In December of 2009, Bank of America starting using a company called Equator for processing its short sales. Today, there are said to be 17 lenders using Equator to process their short sales including GMAC and as of last month, Wells Fargo. You may ask what this means to you.
According to Calculated Risk, the number of foreclosures and short sales for the last three years:
Year Foreclosures Short Sales
2008 914,000 95,000
2009 949,000 263,000
2010 1,070,000 375,000
2011 est. 1,500,000 500,000 from what I read in blogs I subscribe to
2012 est 2,000,000 ? this is the worst figure I have seen
In my experiences and according to approximately 15 other agents in my office who have done hundreds of short sales, since Bank of America starting using Equarter their time to process and complete the sale has gone from several months down to often 30 – 45 days. This is an amazing improvement for the buyers and sellers who have to deal with the emotional stress of trying to buy or sale a home during these financially stressful times. Granted, there are still many horror stories out there where it still is taking lenders three months or longer to even respond to a buyer’s offer. The longest I have heard of is one year.
You would think this wouldn’t happen but I will give you one example of a condo in the city of Sonoma where I had a buyer make three all cash offers listed at $159,000. He initially offered full listing price, then $165,000 and finally $170,000 all 15 months ago. The reason for three offers, there were other offers which came in higher and my buyer really wanted the property. After the $170,000 offer won out as the highest, the listing agent submitted it to the lender. After four months without hearing anything from the lender, my buyer gave up and withdrew his offer. The property just closed escrow for $150,000, go figure.
You would think anything that improves the current real estate distressed sales situation is great and I agree Equator has done a good job at helping with short sales. But the light at the end of the tunnel is still a bit too far away to see clearly yet. Everything I read predicts this current debacle will last well into 2012. Hopefully this will be the end of this and a similar situation will never again rear its ugly head. However, I continually read how many delinquent FHA loans are out there and too often read comments that this will be the next housing crisis. I hope not
Here are a few quotes from the Equator newsletter, Agent News/Spring 2011, to ponder on:
Today 1 in every 370 homes in these former “hot” markets such as California, Arizona, Nevada and Florida has recently received a foreclosure notice.
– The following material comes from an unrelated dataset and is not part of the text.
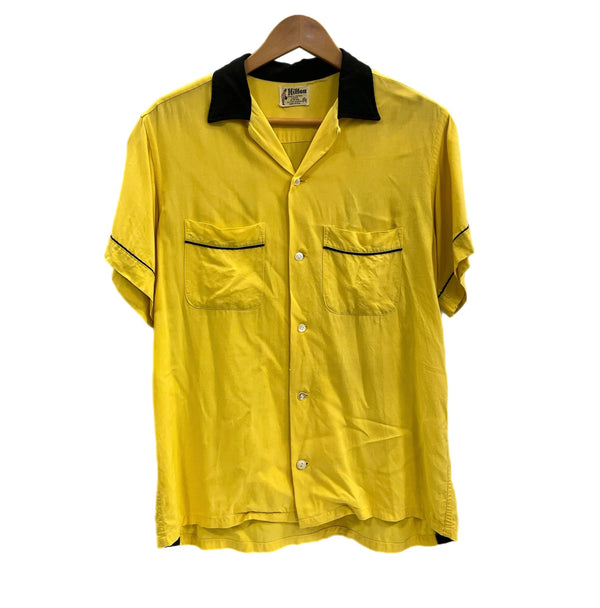 ヒルトン HILTON 60's 60年代 黒タグ ボーリングシャツ 開襟 オープンカラーシャツ ループカラー ボックス バイカラー 2トーン  VINTAGE ヴィンテージ 15 1/2 半袖シャツ イエロー Mサイズ 101MT-4726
With more than 4.3 million loans that are 90 days or more deleinquent or in foreclosure (information provided by LPS Applied Analytics), Agents need to be prepared for the onslaught of activity coming in 2011.
With the current average of 507 days delinquent for loans in foreclosure, up 125 days from a year ago, loss severity will increase before it improves.
An estimated 1.5 million foreclosures are expected for 2011.